In this work, faith and doubt become like two sides of the one coin. In Leaving Alexandria Richard Holloway speaks about the perils of certainty in religion and of ‘religious overconfidence.’  For him ‘authority does not prove, it pronounces, rules rather than reasons, issues fatwas.  It refuses to negotiate.’ Graeme thanks Jonathan in the epilogue for keeping him honest in his faith, from stopping him from thinking that he has preserved him from ‘pretentiously thinking that (he has) captured God with (his) theology.’ As a bishop, the desire to box God in would be all too easy. Many Anglican parents I know who have been strong opponents of gay rights or women clergy, have subsequently come to change their thinking after their child has ‘come out’ or entered ministry. Sometimes it’s only through an intimate filial relationship that true listening begins to take place. Not that Graeme is in danger here of becoming an atheist, but such a mindful dialogue veers him away from becoming removed from the realities of life around him.  And such a dynamic, open conversation confronting matters so close to his vision of life subsequently keeps him engaged with the wider community of faith that he also moves in. Paradoxically, this dialogue links Graeme in closer to his own Christian community because it deepens his humanity. Faith is something never to be taken for granted. It always needs sharpening, always prayer. And true faith is never that which is yielded in the manner of fatwas, the turning of knowledge into ammunition. 

As an Anglican, I know that reason is one of the three legs on that stool of our faith.

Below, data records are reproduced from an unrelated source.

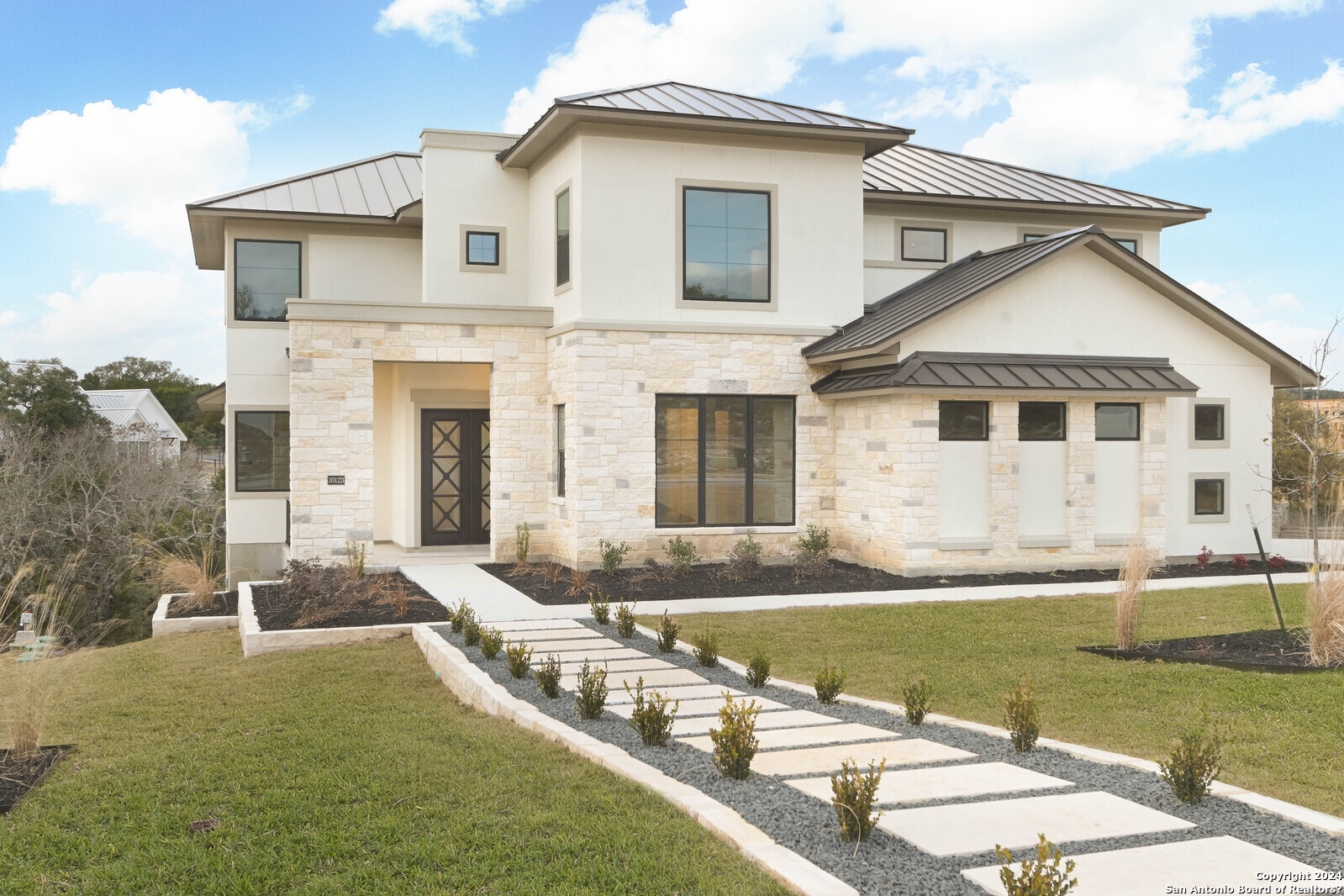 a view of a house with swimming pool and a yard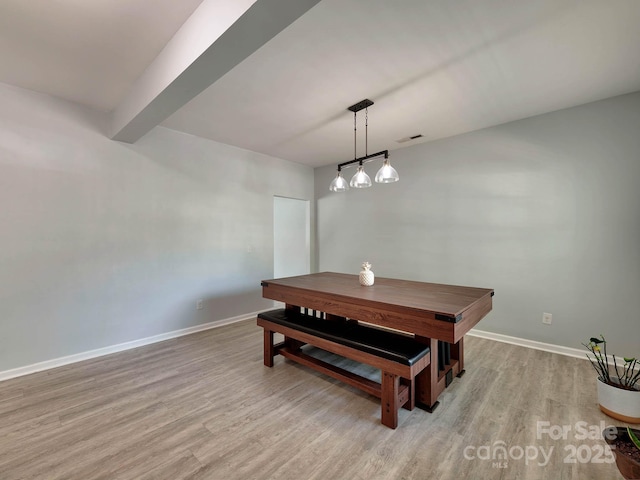 6541 Hasley Woods Dr, Huntersville, NC 28078 - dining area with light wood-style floors, baseboards, beam ceiling, and visible vents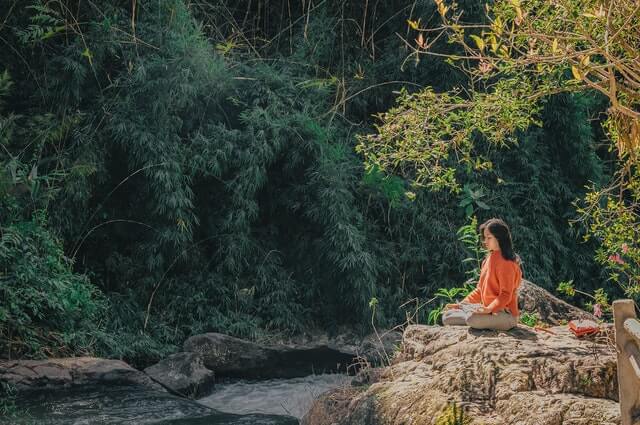 woman meditating next to river in forest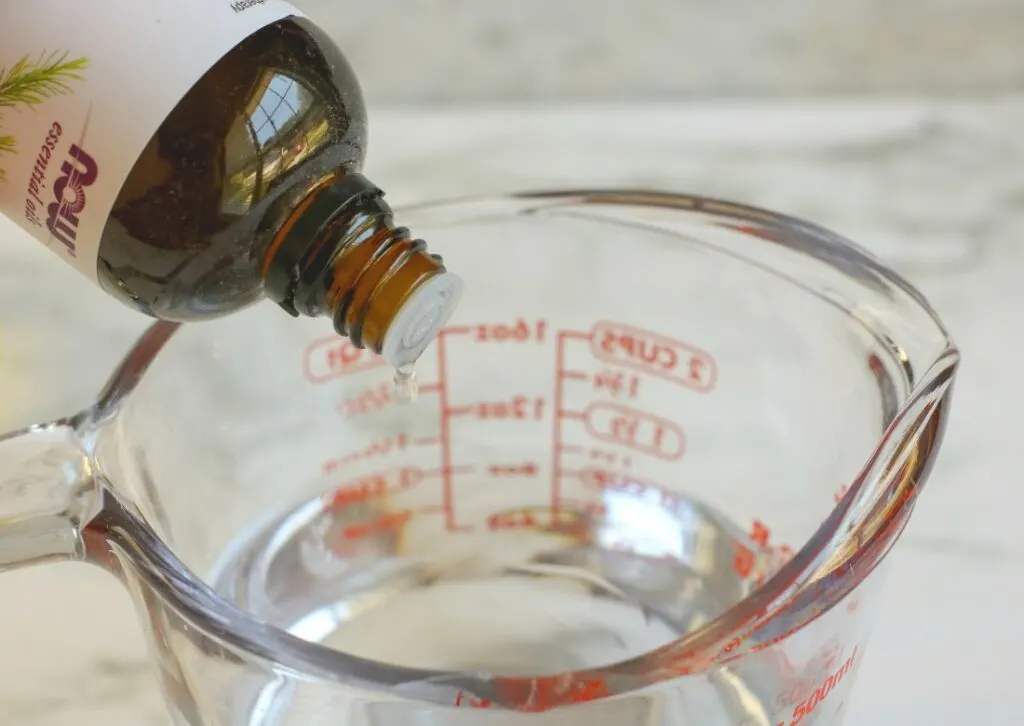 dropping essential oils into measuring cup of water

But reason alone will never give you faith. As I read it, Jonathan in his head may never think he has faith, that he is a confirmed atheist, but the love and openness we witness in the heart of his words in this book reveal to me that he abounds in faith. As we read in the 14th century work, The Cloud of Unknowing:
Every rational creature has the power of knowing and the power of loving.  Our Creator endows us with both, but God will forever remain incomprehensible to the knowing power.  Through loving power, however, each of us may know God.  Love is everlasting and miraculous.